How do you compute a derivative of a quantity that depends on a single variable? By taking the ratio of small changes in the quantity to small changes in the variable. But what if the quantity depends on several variables, such as the temperature in the room? Use the same strategy — but the result will depend on which direction you go.
Suppose therefore that you are given a quantity $T$ that depends on position in space. We could express that position in terms of rectangular coordinates $(x,y,z)$, but let's save that for later. To find the derivative of $T$ at a given point and in a given direction, we must first specify the point and the direction. We know how to do that!
A point in space can be described in terms of the position vector $\rr$ from the origin to the given point. And the direction is determined by considering any curve through the given point; a small change in position along the curve is, of course, described by $d\rr$.
So consider the small change $dT$ in $T$ along the curve. As $ds=|d\rr|$ shrinks to $0$, so does $dT$; the derivative of $T$ along the curve is the (limiting value of the) ratio of the small quantities $dT$ and $ds$.
Now consider computing this derivative in all possible directions. There will be one direction in which the derivative is as large as possible. We define the gradient of $T$, written $\grad T$, to be the vector whose direction is the direction in which $T$ increases the fastest, and whose magnitude is the derivative of $T$ in that direction. This construction yields the gradient of $T$ at a given point, and we can repeat the process at any point; the gradient of $T$ is a vector field.
How much does $T$ change in an arbitrary direction? Suppose we have a curve through the given point that goes in this new direction. Since derivatives are linear, the rate of change along this new curve is just the projection of $\grad T$ along the curve, namely \begin{equation} \frac{dT}{ds} = \grad T \cdot \frac{d\rr}{|d\rr|} \end{equation} where $d\rr$ and $ds$ now refer to the new curve, and are therefore different than before. Remembering that $|d\rr|=ds$, we can rewrite this expression as \begin{equation} dT = \grad T \cdot d\rr \end{equation} which we refer to as the Master Formula, and which can also be taken as the definition of the gradient.

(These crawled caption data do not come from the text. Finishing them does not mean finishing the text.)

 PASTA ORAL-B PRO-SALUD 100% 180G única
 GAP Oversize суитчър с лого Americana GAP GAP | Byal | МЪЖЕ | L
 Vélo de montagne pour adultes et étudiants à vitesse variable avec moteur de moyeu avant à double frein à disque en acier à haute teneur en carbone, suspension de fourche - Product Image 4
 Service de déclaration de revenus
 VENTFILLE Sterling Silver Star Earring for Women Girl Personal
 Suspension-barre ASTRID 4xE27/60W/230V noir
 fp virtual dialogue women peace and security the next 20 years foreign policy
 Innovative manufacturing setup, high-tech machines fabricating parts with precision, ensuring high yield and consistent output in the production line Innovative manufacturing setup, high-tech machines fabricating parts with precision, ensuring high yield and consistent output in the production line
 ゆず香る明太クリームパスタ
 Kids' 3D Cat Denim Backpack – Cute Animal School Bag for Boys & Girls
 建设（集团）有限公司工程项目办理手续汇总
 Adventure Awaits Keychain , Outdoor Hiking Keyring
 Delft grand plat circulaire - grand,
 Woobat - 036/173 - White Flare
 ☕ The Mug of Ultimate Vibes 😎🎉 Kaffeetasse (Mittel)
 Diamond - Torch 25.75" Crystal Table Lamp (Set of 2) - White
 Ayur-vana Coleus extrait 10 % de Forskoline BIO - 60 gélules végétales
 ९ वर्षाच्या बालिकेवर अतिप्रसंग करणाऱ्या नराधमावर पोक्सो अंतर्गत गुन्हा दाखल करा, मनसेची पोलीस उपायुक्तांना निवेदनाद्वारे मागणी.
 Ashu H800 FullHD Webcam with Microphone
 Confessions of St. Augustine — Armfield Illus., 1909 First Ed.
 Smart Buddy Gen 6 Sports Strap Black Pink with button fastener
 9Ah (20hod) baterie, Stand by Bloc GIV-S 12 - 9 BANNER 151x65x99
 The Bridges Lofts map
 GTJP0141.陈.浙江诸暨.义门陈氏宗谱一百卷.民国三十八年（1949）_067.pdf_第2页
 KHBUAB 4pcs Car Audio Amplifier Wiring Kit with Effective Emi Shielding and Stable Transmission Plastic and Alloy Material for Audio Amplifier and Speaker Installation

We can now use our knowledge of the multivariable differential $dT$ to obtain a formula for $\grad T$ in rectangular coordinates. We have \begin{equation} dT = \Partial{T}{x}\,dx + \Partial{T}{y}\,dy + \Partial{T}{z}\,dz \end{equation} and \begin{equation} d\rr = dx\,\xhat + dy\,\yhat + dz\,\xhat \end{equation} which leads to \begin{equation} \grad T = \Partial{T}{x}\,\xhat + \Partial{T}{y}\,\yhat + \Partial{T}{z}\,\xhat \end{equation} as was already asserted in § {Gradient}.